De unas circunstancias concretas en la perspectiva histórica de su época y de su país, de una determinada situación en la sociología literaria de su juventud precede la escogencia que hizo tempranamente Barba Jacob. Resolvió ser un poeta maldito, una criatura de excepción -en los dones y en la miseria- y vivir una vida de insurgencia y de desprecio frente a una sociedad que consideraba -acertadamente- muy por debajo de su valía propia. Consecuente con su rumbo, nunca le abandonó la satisfacción por su propia originalidad, por la distinción no sólo de sus versos sino de su propio vivir: Y una prez en mi alma colérica -que al torvo sino desafía: -el orgullo de ser, Oh América, -el Ashaverus de tu poesía... Por lo demás, no fue él, en modo alguno, el único en sentirse fascinado por esa oscura vocación: en toda América hubo una menesterosa colección de vates, cuyo infortunio en la literatura no nos permite adivinar hasta qué honduras penetraron en su nocturna experiencia. Pero tanto ellos -los anónimos, los olvidados, los insignificantes- como el propio Barba Jacob no supieron discernir uno de los riesgos peores de su aventura; lo fácil que es confundir, en la vida real, la rebelión con la sumisión. La bohemia, no sólo en sus acepciones de penuria económica, de deliberados excesos, sino en la que tal vez es más grave de improvisación y facilidades en el terreno literario, no es, de por sí, una expresión de protesta sino de conformidad. Tienen que ser inmensos el coraje y la lucidez para asumir en el propio ser toda la podre, las lacras, las caries de una sociedad y proclamar esa condición deteriorada y disminuida como una negativa ejemplar contra las gentes y las instituciones que le han dado lugar. Tal voluntad de testimonio, de martirio, no es frecuente; al contrario, lo que suele suceder es que la protesta original se invierte al tornarse en pasividad.
Los días van usando el impulso rebelde, y el hombre que intentara semejante empresa se transformaría en un mero objeto, dócil y sufriente, de las potestades que trató de combatir. Al mismo tiempo, su libertad se enajena en la pura negación. Quien inicialmente se había situado en una actividad contra la sociedad concluye por quedar tan sólo al margen de ésta, sin un ámbito efectivo dónde ejercer su inconformidad y convertido, en cambio, en juguete de una organización contra cuyo repertorio ideológico y consuetudinario nada tiene que oponer, fuera de una negatividad abstracta y, consecuentemente, infecunda. Si la condición proletaria consiste en que el obrero no tiene más papel que el de ins-trumento en un engranaje económico cuya finalidad le es ajena, así el poeta maldito efectúa una especie de proletarización psicológica, situándose en un plano de inacción, reduciéndose a la categoría de víctima. Sólo que en esta precaria postura lo sitúa su propio arbitrio, y no un conjunto de presiones objetivas imposibles de superar individualmente.

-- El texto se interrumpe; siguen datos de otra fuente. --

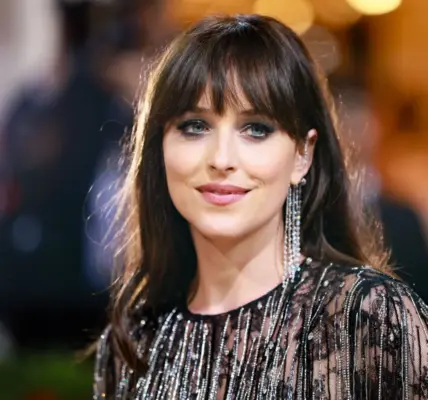 dakota johnson — PL news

Apenas en la medida en que toda existencia es única e irrepetible se pueden considerar como originales el rumbo que Barba Jacob le trazó a su vida y la filosofía que estaba implícita tras esta decisión. Un individualismo fatigado, una psicología puntillista y nimia y un pesimismo simplista -estilo Campoamor- formaban la carga tradicional y retardataria de su personalidad que había de injertarse en la multiforme renovación modernista; pero en él -como en tantos otros de sus contemporáneos- pesó más esta herencia que la fundamental avidez vital del modernismo americano. Romántico tardío, verdadero decadente, su pauta existencial era ya anacrónica a comienzos del siglo veinte. Más discutible es si, como puede pensarse, el patrón europeizante que adoptó no se justificaba en estos países y en esa época y, particularmente, si los datos que integraban su circunstancia personal exigían en verdad aferrarse a un diseño lleno de grandeza potencial pero también de evidentes limitaciones.